Mount Williams is a 1718 metre mountain in the Canterbury Region of New Zealand.

==Description==
Mount Williams is located 111 km northwest of Christchurch and 5.5 km east-southeast of Arthur's Pass in Arthur's Pass National Park. It is set in the Southern Alps of the South Island. Precipitation runoff from the mountain's west slope drains into the Mingha River, whereas the east slope drains into the Edwards River. Like many peaks of the Southern Alps, Mount Williams is more notable for its large, steep rise above local terrain than for its absolute elevation. Topographic relief is significant as the summit rises 918 m above the Edwards Valley in one kilometre, and 1000. m above the Mingha Valley in 1.5 kilometres. The nearest higher peak is Dome, 3.5 kilometres to the southeast.

==Climate==
Based on the Köppen climate classification, Mount Williams is located in a marine west coast (Cfb) climate zone. Prevailing westerly winds blow moist air from the Tasman Sea onto the mountains, where the air is forced upwards by the mountains (orographic lift), causing moisture to drop in the form of rain or snow. The months of December through February offer the most favourable weather for viewing or climbing this peak.

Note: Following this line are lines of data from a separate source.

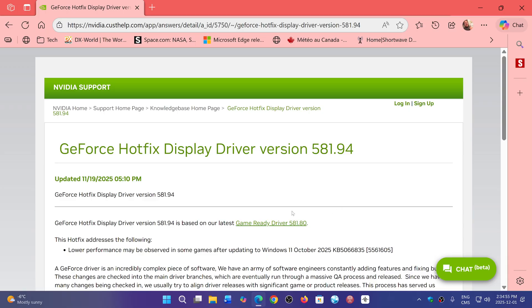The link to this driver, once again, is in the description below. And by the way, after careful check, it really doesn't seem to affect anyone on Windows 10. It's purely a Windows 11, 24H2, 25H2 issue.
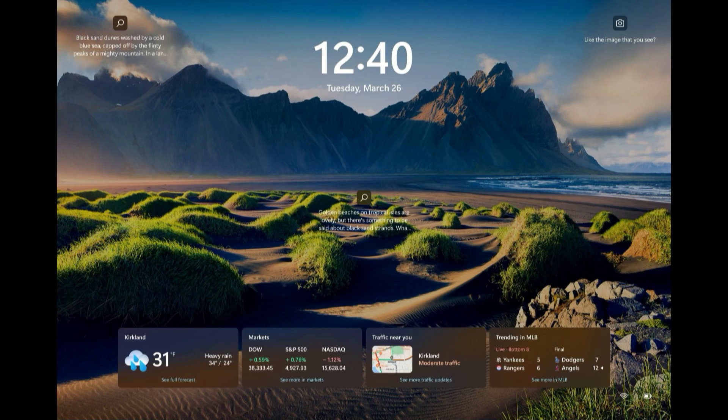In recent versions of Windows, the lock screen has become overloaded with crap. There are advertisements, there are links, there are widgets.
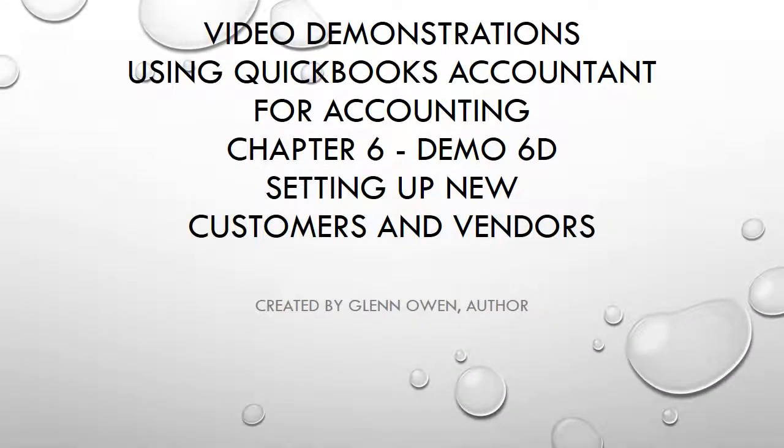In this demonstration we're going to explain to you how to set up new customers and new vendors in QuickBooks Accountant.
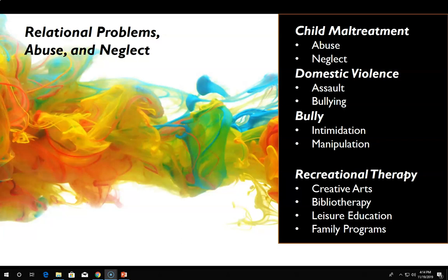Domestic violence, otherwise known as adult maltreatment, is defined as an assault within the home in which one spouse is assaulted by the other. Males are more likely to be the perpetrators, and the typical profile includes immaturity, dependency, and non-assertive characteristics with displayed feelings of inadequacy. Bullying behaviors help to humiliate the partner and bolster the perpetrator's low self-esteem. Intimate partner violence can result in physical harm, psychological trauma, and even death. The devastating consequences of domestic violence can cross generations and last a lifetime.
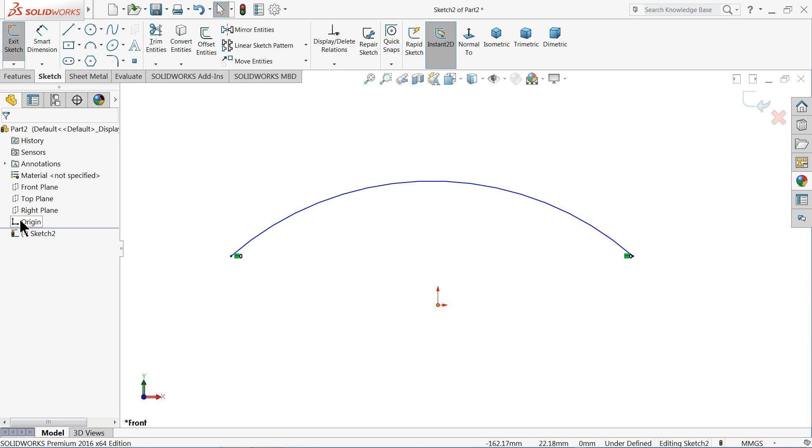So let's see the first one. I choose one plane here, front plane, and I create one arc. Now I want to define the length of this arc. So how we will do it.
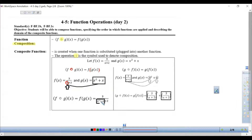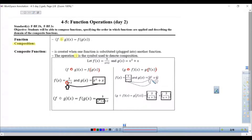Versus the opposite: g of f of x means I'm plugging f of x into g of x. f of x is 3x plus 2, and I'm going to plug that into every x in g. Since g had two different x's — x squared and x — I would replace both of those x's with the entire function for f: 3x plus 2, 3x plus 2.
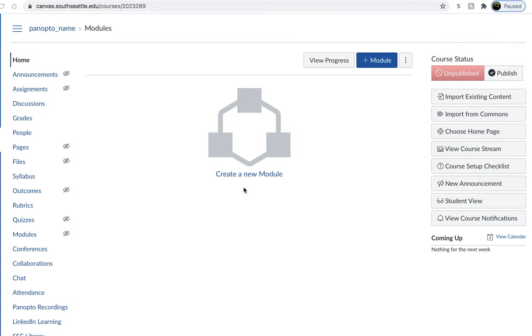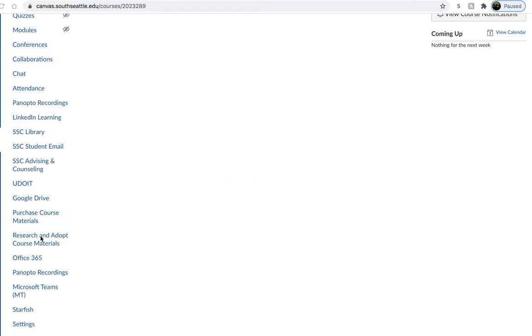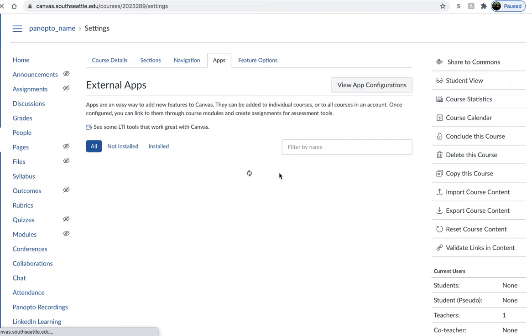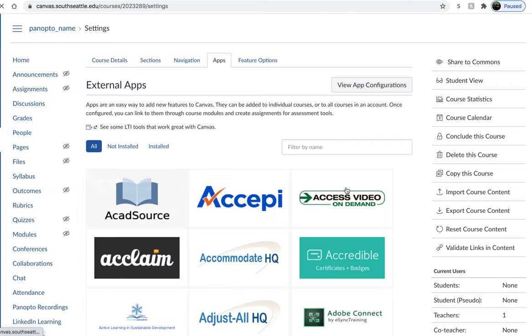Add apps to your Canvas courses with a key and a secret. Simply from your home page go down to settings. From here you can search the app that you would like to add.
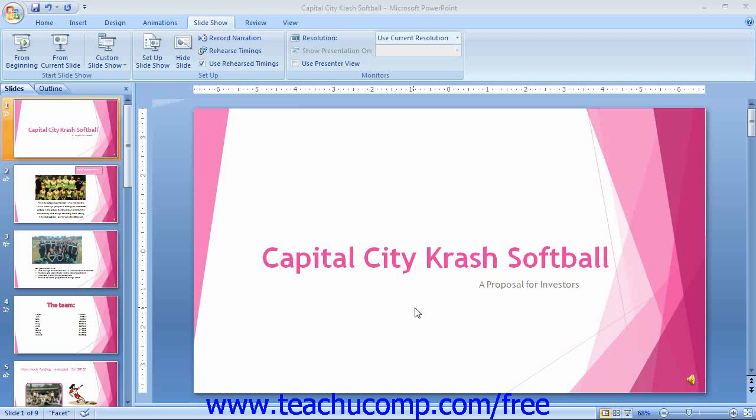To begin recording the narration, click the Record Narration button located in the Setup button group on the Slideshow tab within the ribbon.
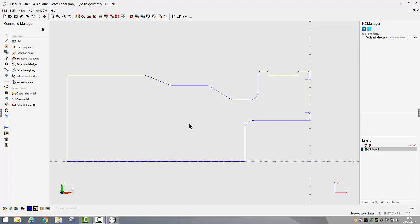Hello, this is Peter from 1CNC UK and what we are going to focus on in this video is creating the geometry required for 2-axis lathe manufacture.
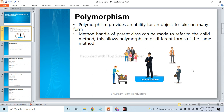Similarly, we have a class in OOP. In the class we have members and methods. The method will take different forms — that is polymorphism in OOP. Polymorphism provides an ability for an object to take on many forms. A method handle of the parent class can be made to refer to the child method, allowing different forms of the same method.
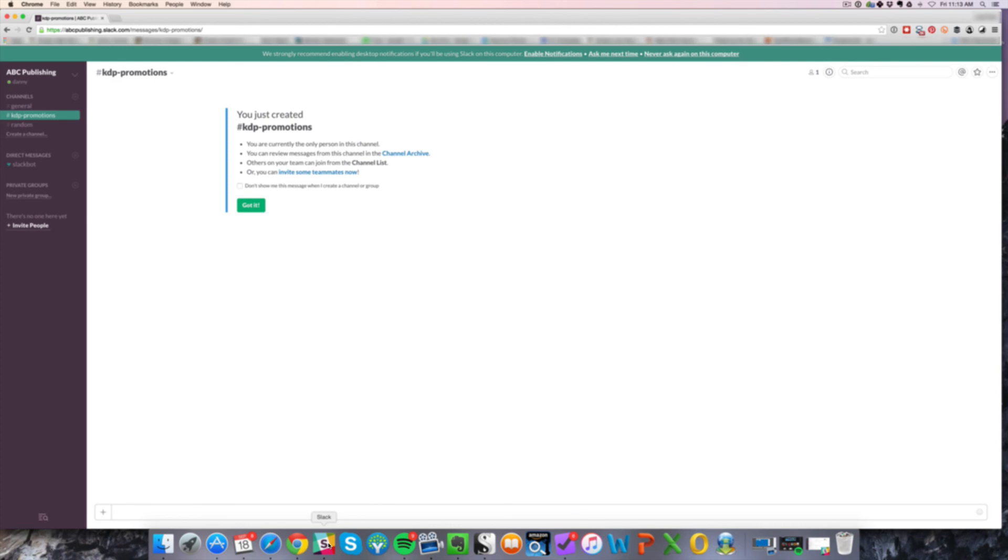Again, I'm sort of a Mac guy. So I have my iPhone. I have the application there and it's also really great and fast between your desktop and your mobile device.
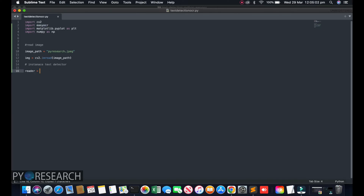Now instantiate the text vector. Assign: reader = easyocr.Reader(['en'], gpu=False). The 'en' means enable English. I do not have a GPU, so gpu=False. After the reader is created, we proceed to text detection on the image.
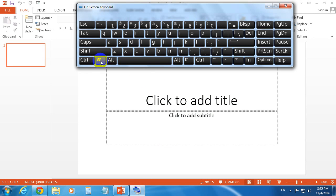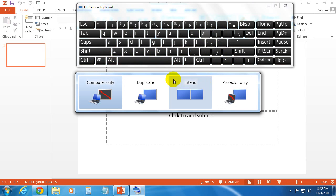All you have to do is press on your keyboard the Windows key and P, and then click Duplicate.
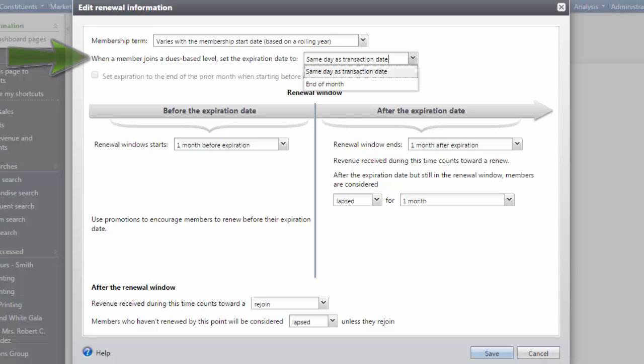Under When a member joins a dues-based level, set the expiration date to field. Select same day as transaction date if the membership should expire on the same date as the transaction, according to however the membership term is defined.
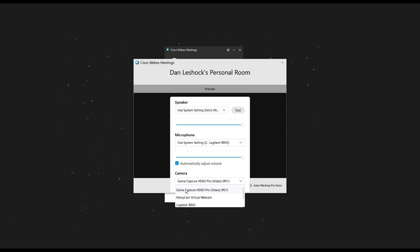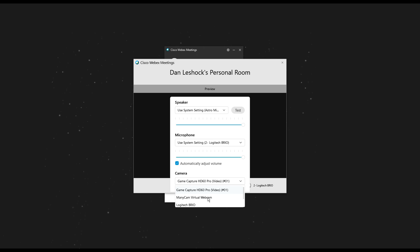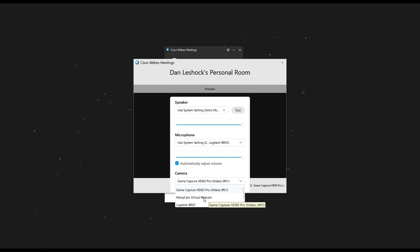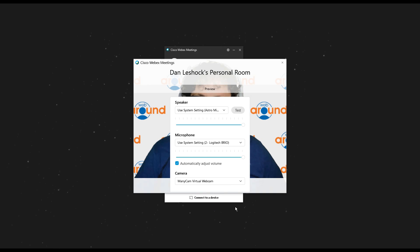In this case, because we're using ManyCam, we're going to select ManyCam Virtual Webcam instead of our main camera. You'll want to consult your third-party program and understand if it creates a new camera source or applies the filter directly to your camera. Once you're done, you can exit out and make sure the camera is enabled on the bottom bar.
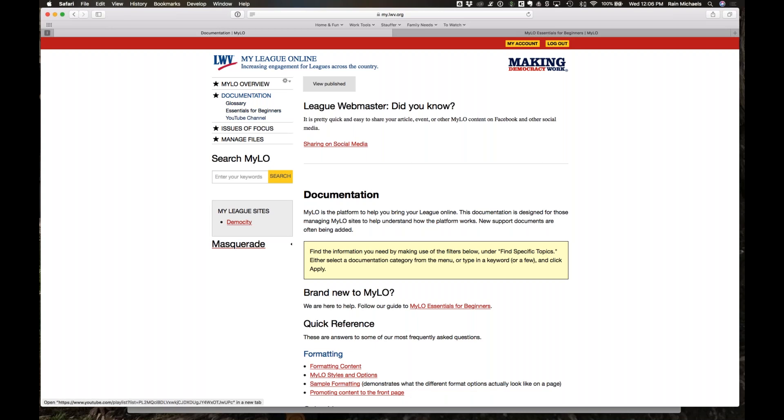The three key links — the glossary, the Essentials for Beginners, and the YouTube channel — are also linked under documentation. So with that quick introduction in place, I'm hoping we have some questions that have come in that we can start answering.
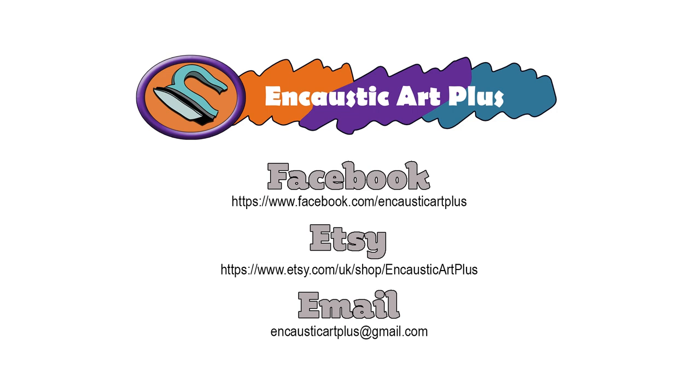Happy painting everyone, and we'll look forward to seeing you all in our next video. Please hit like and subscribe.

Climate data for Arthurs Pass Village (1991–2020 normals, extremes 1978–present)
| Month | Jan | Feb | Mar | Apr | May | Jun | Jul | Aug | Sep | Oct | Nov | Dec | Year |
| Record high °C (°F) | 32.1 (89.8) | 29.5 (85.1) | 26.4 (79.5) | 22.5 (72.5) | 17.6 (63.7) | 14.0 (57.2) | 12.8 (55.0) | 14.3 (57.7) | 20.0 (68.0) | 22.5 (72.5) | 26.2 (79.2) | 27.6 (81.7) | 32.1 (89.8) |
| Mean maximum °C (°F) | 25.6 (78.1) | 25.4 (77.7) | 22.4 (72.3) | 17.8 (64.0) | 14.4 (57.9) | 11.1 (52.0) | 9.9 (49.8) | 12.0 (53.6) | 14.9 (58.8) | 18.0 (64.4) | 20.7 (69.3) | 23.4 (74.1) | 27.2 (81.0) |
| Mean daily maximum °C (°F) | 18.3 (64.9) | 18.6 (65.5) | 16.1 (61.0) | 12.7 (54.9) | 9.7 (49.5) | 6.7 (44.1) | 6.0 (42.8) | 7.6 (45.7) | 9.8 (49.6) | 11.7 (53.1) | 13.9 (57.0) | 16.5 (61.7) | 12.3 (54.2) |
| Daily mean °C (°F) | 13.3 (55.9) | 13.4 (56.1) | 11.2 (52.2) | 8.3 (46.9) | 5.8 (42.4) | 3.0 (37.4) | 2.2 (36.0) | 3.5 (38.3) | 5.5 (41.9) | 7.3 (45.1) | 9.3 (48.7) | 11.8 (53.2) | 7.9 (46.2) |
| Mean daily minimum °C (°F) | 8.3 (46.9) | 8.2 (46.8) | 6.3 (43.3) | 4.0 (39.2) | 1.9 (35.4) | −0.6 (30.9) | −1.6 (29.1) | −0.7 (30.7) | 1.3 (34.3) | 3.0 (37.4) | 4.7 (40.5) | 7.2 (45.0) | 3.5 (38.3) |
| Mean minimum °C (°F) | 2.5 (36.5) | 2.3 (36.1) | −0.4 (31.3) | −2.2 (28.0) | −3.9 (25.0) | −6.7 (19.9) | −7.5 (18.5) | −6.2 (20.8) | −4.5 (23.9) | −2.7 (27.1) | −1.4 (29.5) | 1.3 (34.3) | −8.3 (17.1) |
| Record low °C (°F) | −1.0 (30.2) | −1.5 (29.3) | −8.5 (16.7) | −7.8 (18.0) | −7.5 (18.5) | −11.5 (11.3) | −12.5 (9.5) | −11.0 (12.2) | −8.2 (17.2) | −6.1 (21.0) | −5.0 (23.0) | −1.4 (29.5) | −12.5 (9.5) |
| Average rainfall mm (inches) | 413.5 (16.28) | 272.6 (10.73) | 321.2 (12.65) | 370.3 (14.58) | 395.0 (15.55) | 378.1 (14.89) | 328.4 (12.93) | 353.0 (13.90) | 452.5 (17.81) | 489.4 (19.27) | 438.6 (17.27) | 447.7 (17.63) | 4,660.3 (183.49) |
| Average relative humidity (%) | 77 | 78 | 82 | 86 | 88 | 90 | 88 | 87 | 84 | 81 | 78 | 78 | 83 |
Source 1: NIWA
Source 2: "Arthur's Pass – Weather Database"

==Climbing==
Climbing routes:

- Via Mid Mingha River – First ascent by Evan Wilson – (July 1930)
- South West Ridge
- Gunbarrel Scree
- Via Edwards Hut

==The Spike==
The Spike is a subsummit on the southwest ridge of Mount Williams, with less than one kilometre between summits. The elevation of The Spike is 1,440 metres and there are climbing routes via Gunbarrel Scree and the Southwest Ridge. This feature's toponym has been officially approved by the New Zealand Geographic Board.